Lo scritto ai margini, le note e le bibliografie a piè pagina mi hanno sempre affascinato.
Ricordo i tempi di una loro lettura quasi esclusiva, fatta tralasciando tutto il resto, al domani. Una periferia di riferimenti o di dispersioni, mi sembra parte della mia vita. Ed ora, invece di svilirla o aspettare “la vera vita” si realizzi, li riconosco, li osservo, ne invoco il mistero.
Ciò che viene emarginato, vive eppure , forse, proprio quella vita che noi temiamo, potrebbe essere nostra.

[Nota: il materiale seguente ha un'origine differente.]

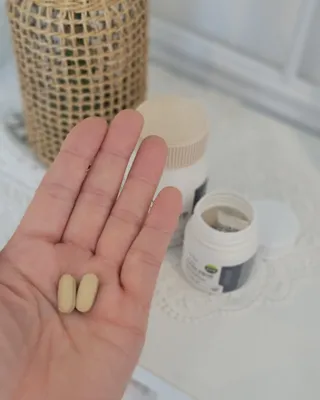 제주녀님이 올린 리뷰 사진 2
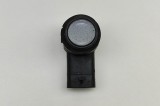 AUDI A6 Avant 4G5, C7, 4GD 2014 OEM: 1S0919275 SKU: 30387674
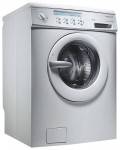 Electrolux EWS 1251 Máquina de lavar <br />45.00x85.00x60.00 cm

Sì, come se la vita non possa escludere nessuna vita, ed essere nient’altro che quello che è, al confine sottile segnato dalla trasformazione e dalla morte. Su questo confine si smarriscono e si scolorano le immagini prese della vita, del viaggio che riconosciamo?

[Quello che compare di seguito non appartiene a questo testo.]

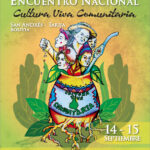 afiche CVC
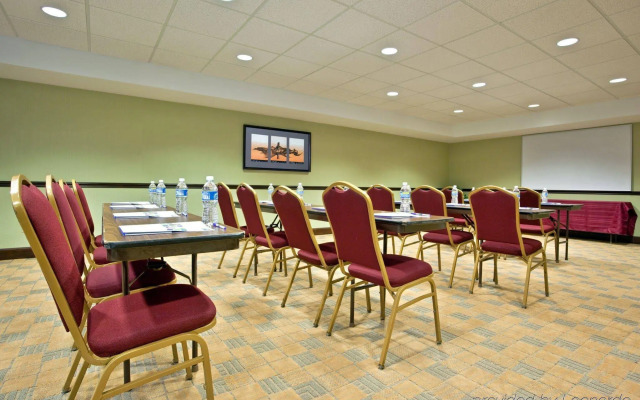 Holiday Inn Express West Cincinnati by IHG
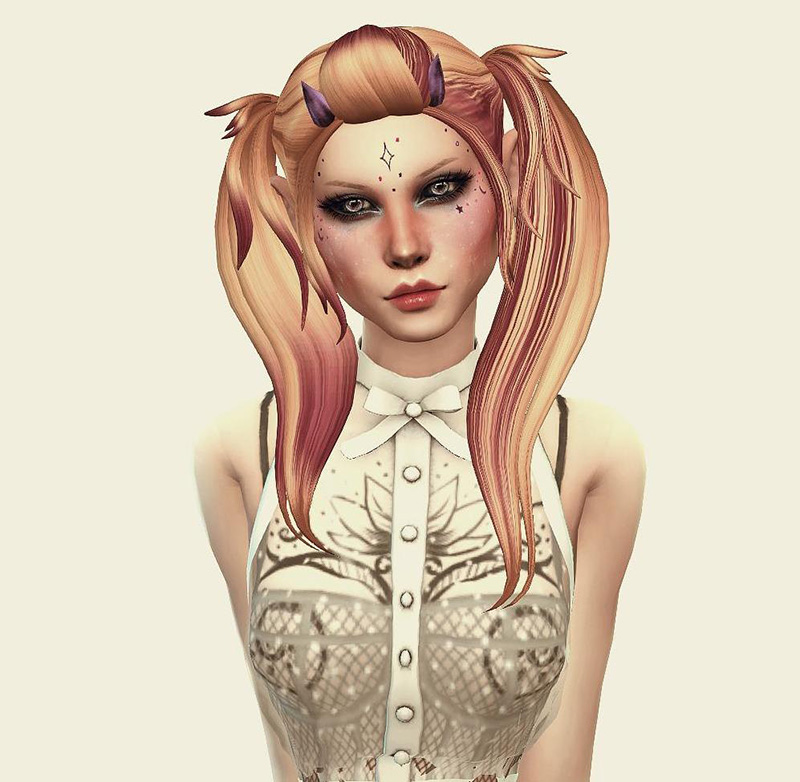 e158c8aeca3a266a342261c423f9aef0.jpg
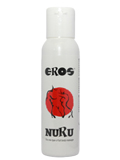 Eros Nuru Body Massagegel (500 ml)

Lo sto chiedendo, perché non riesco a ritrovare (trasferire sul pc, e tanto meno stampare o pubblicare) le foto del viaggio e neanche altre foto prese prima o dopo.
La Mongolia mi ha regalato il senso del silenzio che non è fatto di assenza di parole, è spazio. Uno spazio di ascolto, fluire di un tempo che è solo qui, ora.
Così, (qui ora) non sia una formula, ma l’ascolto del respiro che arriva fino a me, chissà da dove (chissà da chi). Importante, non affibiargli né nome né luogo. Ascoltare.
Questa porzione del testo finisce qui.